When teaching students to read, we sometimes have them start with the beginning sounds of words, which are most commonly the phonetic sound of the letter, then move on to the ends of the words. The sounds in the middle we sometimes deal with last.
For that reason, it’s sometimes easiest to start with consonant vowel consonant (CVC) words. In this case, the middle vowel will almost always be short. For example, car, fox, and fun. The resources provided by Education.com above can help students quickly identify the middle sound of the words in a fun way.
Doubled vowel digraphs are easily recognizable for students, and could be a good place to start when moving beyond the CVC words. A vowel digraph
is when a two vowels are paired together to make a single sound. A doubled vowel digraph is when both vowels are the same as in feet, book, or moon.

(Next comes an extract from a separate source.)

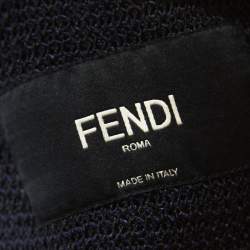 Fendi Navy Blue Wool Blend Unstructured Knitted Blazer XL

When the two vowels aren’t the same, their sound can be slightly more complicated. The majority of the time, the resulting sound will be the long vowel sound of the first of the two vowels. Some examples of this are beneath and boat. Some digraphs, however, make a new sounds. When you put ou together, you get an ow sounds like in pout and mouth. Depending on context, some digraphs make multiple sounds. For example, ‘ea’ could make the long vowel sound as in read or the short vowel sound as in read.